Stop immediately if free pages collapse before the first batch, if Activity Monitor shows memory pressure rising fast, or if the log has not progressed beyond base checkpoint load for several minutes. Capture the stack/log and reduce loader allocation, sequence length, sample count, rank, or evaluation before retrying.
- Smoke-first training
- Run the smallest useful command first: tiny dataset, tiny max steps, checkpoint every few steps, eval disabled or tiny.
- Example pattern, adapt to the real toolkit:
OMP_NUM_THREADS=2 VECLIB_MAXIMUM_THREADS=2 MKL_NUM_THREADS=2 \
TOKENIZERS_PARALLELISM=false PYTORCH_ENABLE_MPS_FALLBACK=1 \
PYTORCH_MPS_HIGH_WATERMARK_RATIO=0.72 \
PYTORCH_MPS_LOW_WATERMARK_RATIO=0.62 \
./train-adapter.sh \
--run-dir runs/smoke \
--train-limit 1 --eval-limit 1 \
--batch-size 1 --max-sequence-length 384
- Only scale one dimension at a time: records, sequence length, LoRA rank, steps, or eval.
- Export and apply
- Export using the toolkit's supported
.fmadapter path, then verify the file exists and is non-trivial in size.
- Keep a small "known prompt" check for before/after behavior.

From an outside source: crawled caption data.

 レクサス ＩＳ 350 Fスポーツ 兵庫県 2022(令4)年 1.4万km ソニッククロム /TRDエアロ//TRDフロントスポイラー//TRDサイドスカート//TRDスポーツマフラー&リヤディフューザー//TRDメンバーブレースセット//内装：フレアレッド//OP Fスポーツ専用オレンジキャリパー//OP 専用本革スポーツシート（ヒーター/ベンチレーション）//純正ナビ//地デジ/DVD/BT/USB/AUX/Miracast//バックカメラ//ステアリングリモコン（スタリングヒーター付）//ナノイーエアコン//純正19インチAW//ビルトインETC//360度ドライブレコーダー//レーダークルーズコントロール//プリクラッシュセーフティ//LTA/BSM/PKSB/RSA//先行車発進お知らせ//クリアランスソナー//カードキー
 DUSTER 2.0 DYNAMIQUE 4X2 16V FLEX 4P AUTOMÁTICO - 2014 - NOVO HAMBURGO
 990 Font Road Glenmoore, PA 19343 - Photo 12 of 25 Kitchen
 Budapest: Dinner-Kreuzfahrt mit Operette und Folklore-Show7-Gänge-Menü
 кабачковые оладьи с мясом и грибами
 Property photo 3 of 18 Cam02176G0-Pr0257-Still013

- For local apps, apply adapters via the documented environment variable or launch mechanism. For GUI apps on macOS, prefer
launchctl setenv NAME /absolute/path/model.fmadapter plus app restart when the runtime reads environment from launchd.
- Confirm the target process actually sees the env var; shell exports do not automatically reach already-running GUI apps.
Safety Gates
- Do not train on private data unless the user explicitly says it is intended.
- Do not run full training before smoke data, schema validation, and a memory-safe config pass.
- Do not overwrite prior adapters or checkpoints; write dated or named run directories.
- If the machine becomes sluggish, stop training, capture logs, reduce context/batch/rank/workers, and resume from a smaller checkpoint.
Completion Evidence
Report changed commands/configs, dataset counts, smoke-run result, peak-memory clues if available, export path, adapter size, and how the adapter was applied.